As I noted less than a month ago, the AG observed during a wide-ranging interview with Hugh Hewitt that the subjects of the Durham investigation are not candidates for public office; thus, they were not affected by a Justice Department guideline against bringing charges close to Election Day.
By then, Biden was already the putative Democratic presidential nominee. Obviously, if serious consideration were being given to an indictment of Biden, Barr would not have made the point about the guideline.
To be sure, the media reporting will portray Barr’s latest comments as indicative of a rift between the AG and President Trump, whose latest “Obamagate” rhetoric frames Obama-era investigative abuses as “crime.”
Barr’s remarks will also be applauded as an “exoneration” of Obama officials — consistent with the media approach that portrays Democrats as innocent victims of right-wing smears if they manage to evade indictment, while a “guilty until proved innocent beyond any doubt” standard is applied to Republicans.

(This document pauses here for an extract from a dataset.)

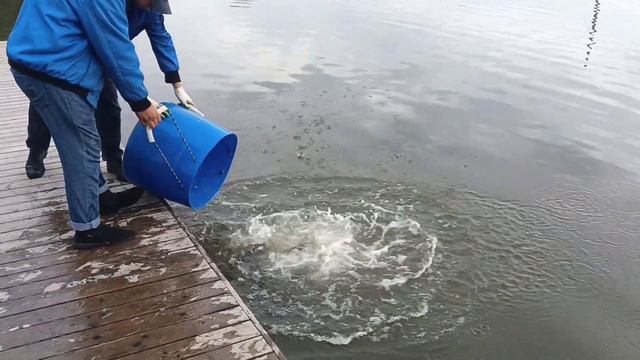 зарыбление водоема карпом в количестве 800 кг смотреть онлайн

Barr’s comments will feature in the “nothing to see here” storyline, the press’s counter to stunning revelations about the baselessness of the Russia collusion narrative willfully peddled by Democrats, and the exploitation of counterintelligence powers — powers that are supposed to protect us from jihadists and hostile regimes — for partisan political purposes.
To the contrary, my sense is that the AG believes there is plenty to see and be outraged about. It simply may not be criminal.